I feel badly for ALL the animals at Petland... there's one in a strip mall by us and kids are always in there malling the robo hamsters and whatever else they can get their hands on. Parents don't pay attention/try to control them, store employees turn a blind eye. The stress on these animals must be intense


----------



## Hunter's Mom (Dec 8, 2008)

Where are there Petlands?


----------



## heartmadeforyou (May 16, 2009)

I set the DVR to record it. We don't have a Petland in my town, but there is one in Iowa City. This documentary will be a good thing. People need to be educated, for sure.


----------



## roxybaby22 (Feb 25, 2009)

Hunter's Mom said:


> Where are there Petlands?


They are spread nationwide, I think. I know they are all over Central Ohio. I go visit them all the time to play with the poor animals.


----------



## iheartbisou (Feb 13, 2007)

I never heard of Petland at all until about 6 months ago when one store opened up here. It has such pitiful, young animals in it..but all the pet stores here do, so that's not new.

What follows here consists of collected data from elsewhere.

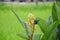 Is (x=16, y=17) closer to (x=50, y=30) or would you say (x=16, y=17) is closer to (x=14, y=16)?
(x=14, y=16)

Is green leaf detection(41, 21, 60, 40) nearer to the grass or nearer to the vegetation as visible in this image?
the vegetation

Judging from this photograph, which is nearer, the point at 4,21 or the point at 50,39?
the point at 50,39

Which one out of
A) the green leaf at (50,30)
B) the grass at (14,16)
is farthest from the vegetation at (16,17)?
the green leaf at (50,30)

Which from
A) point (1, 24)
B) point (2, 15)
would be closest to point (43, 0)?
point (2, 15)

I'm glad that they're doing an expose on them though, so the public will know exactly what they are...


----------



## majik921 (Apr 27, 2010)

Dang it! We don't have cable, but I really want to watch this one.


----------



## beckinwolf (Sep 2, 2008)

majik921 said:


> Dang it! We don't have cable, but I really want to watch this one.


After its aired on TV, you should be able to find it online. Either directly from Animal Planet, or on Hulu, YouTube, etc.


----------